I can only suggest inspecting the GC structure and maybe other global stuff for signs of false sharing. It may become a substantial holdback in achieving near-to-linear growth of performance with multiple concurrent threads.

daokoder commented 9 years ago

I can only suggest inspecting the GC structure and maybe other global stuff for signs of false sharing.

For GC structure, not much can be done for this, because the GC structure is mostly accessed by the GC thread alone. Besides the locks, the only field that may be accessed frequently by mutator threads is the idleList field. I think moving it somewhere else won't help much with the current implementation, because even if we remove false sharing of this field between the GC thread and the mutator threads, there is still true sharing of this field between different mutator threads.

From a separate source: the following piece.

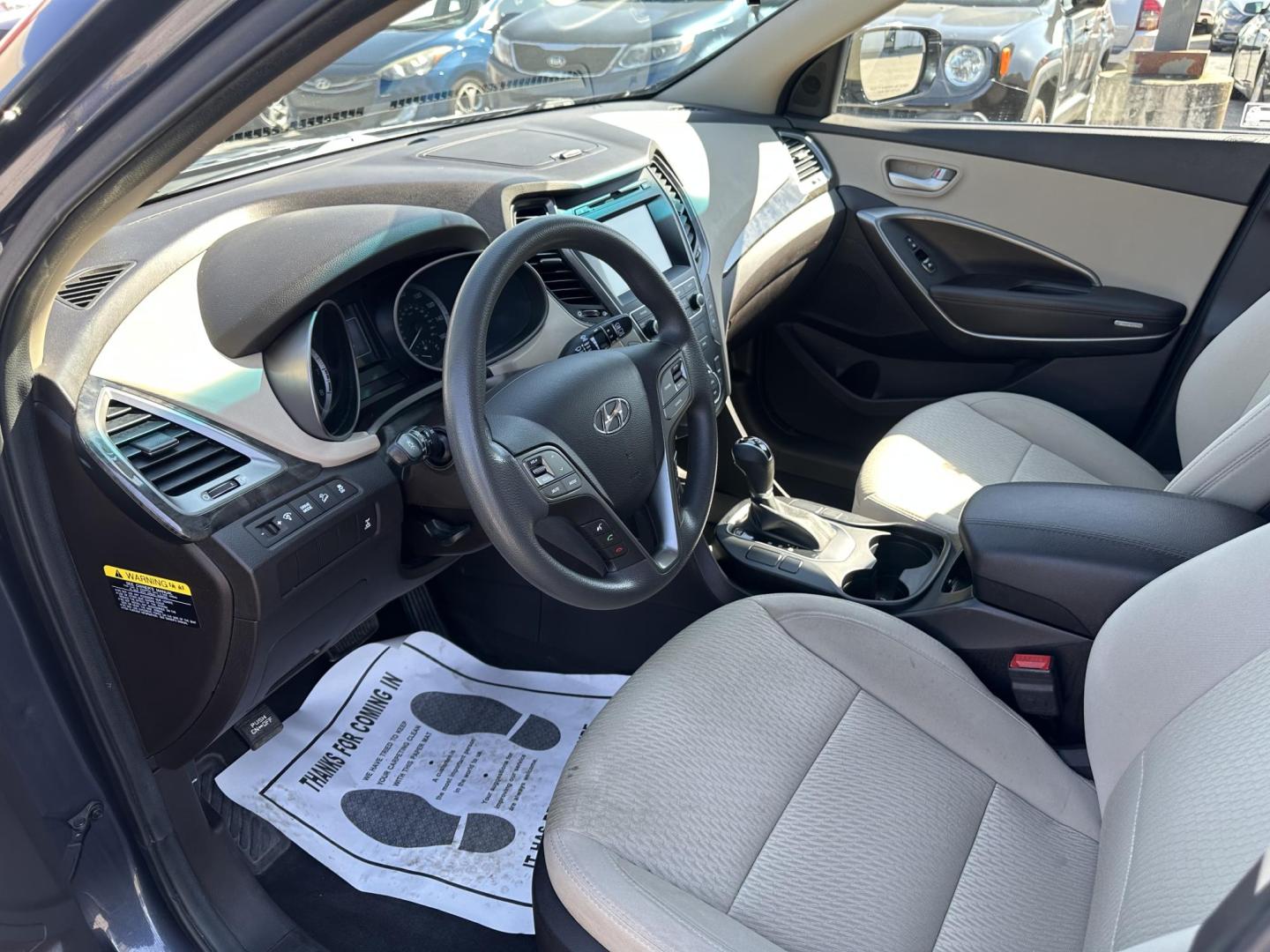 2017 BLUE Hyundai Santa Fe Sport 2.4 AWD (5XYZUDLB4HG) with an 2.4L L4 DOHC 16V engine, 6A transmission, located at 1254 Manheim Pike, Lancaster, PA, 17601, (717) 393-9133, 40.062870, -76.323273- Photo#6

dumblob commented 9 years ago

Besides the locks, the only field that may be accessed frequently by mutator threads is the idleList field.

We can try to check the impact of false sharing by aligning every void pointer in the idleList to cache line size.

Night-walker commented 9 years ago

Also, some low-level optimization can be achieved by using likely() and unlikely() for branch prediction when on GCC:

#ifdef __GNUC__

#ifndef likely
#define likely(x)  __builtin_expect((x),1)
#endif

#ifndef unlikely
#define unlikely(x)  __builtin_expect((x),0)
#endif

#else
#define likely(x) (x)
#define unlikely(x) (x)
#endif

It can be used particularly well for frequently performed error checks: type conformance, NULL checks, etc. Might make a difference for tight loops, depending on the hardware.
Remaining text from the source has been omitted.